Wednesday, March 21, 2007

Honeybees Dying

Weekly Reader Lead Story Honeybee Woes:

"'One third of the food you and I eat every day can be traced back to honeybees,' says Hayes. 'If the honeybees aren't there, the grower doesn't have any options. If you don't have honeybees to carry pollen from one crop to another, you get zero crops.' "

Here's a map of the states reporting honeybee loses so far:

"Every third bite you take is backed up by a honeybee," Webb points out. "Without bees, we wouldn't eat very well."

"If we didn't have honeybees, we wouldn't have any fruit or hardly any veggies," adds local beekeeper Jo Haugland, one of Webb's former students.

"Until you corner her, step on her or grab her, she's not going to sting," Cochran says. "She's busy doing her job."
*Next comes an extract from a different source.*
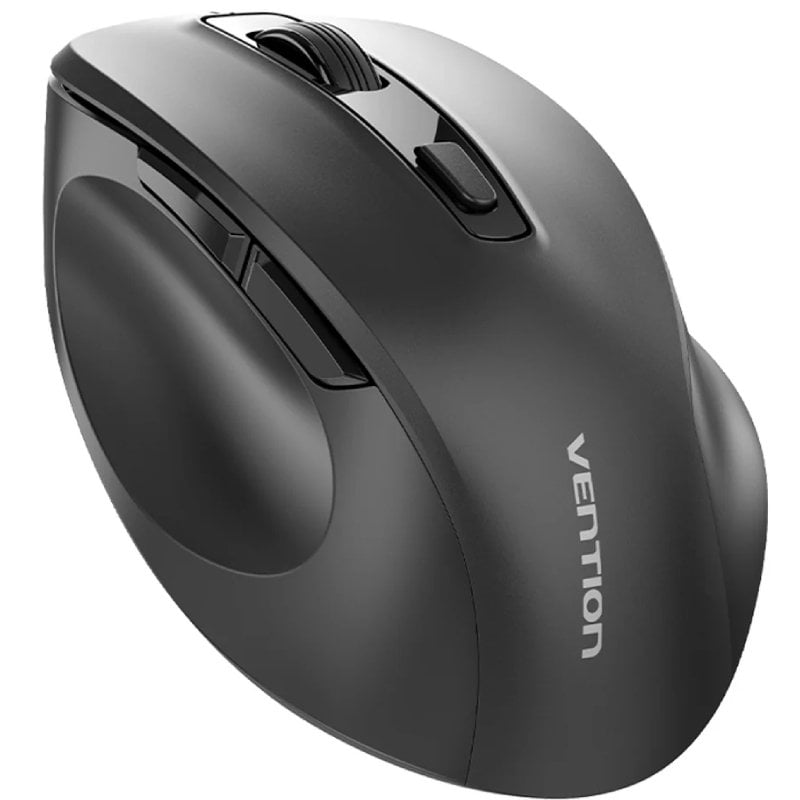 Ratón Ergonómico Silencioso Inalámbrico Vention KTHB0-ST/ Hasta 4000 DPI 6922794798991 KTHB0-ST VEN-MOU KTHB0-ST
In fact, says Webb, the sting is a suicidal last act that only about one in 10,000 honeybees will ever commit. Most stings, he notes, are not from bees at all; wasps, hornets and yellow jackets are the usual culprits.

"People blame everything on bees, but they do so much good," Webb says.

"Honeybees take a bad rap," Haugland adds. "They're industrious, clean, organized and interesting. They're completely focused. You can even walk up to a honeybee that's collecting pollen and pet it on the back, they're that intent."

'Tis true. Try it. Reach out to the honeybee sipping nectar from a bud and ever so gently, stroke her furry back just between the resting, lacy wings. She may startle and move to another flower. Or, she may continue suckling, sides heaving gently, as she communes with her flower and you with your bee.

Read more here.

From the American Beekeeping Federation, ABF:

Reports on their losses coming from beekeepers vary widely. Some commercial beekeepers are reporting their losses as about the same as the last several years. Others report losing thousands of colonies: one lost 11,000 of his 13,000 colonies; another 700 of 900; another 2500 of 3500; another virtually all of his 10,000.

“Beekeepers overwintering in the north many not know the status of their colonies until they are able to make early spring inspections. This should occur in late February or early March but is dependent on weather conditions. Regardless, there is little doubt that honey bees are going to be in short supply this spring and possibly into the summer."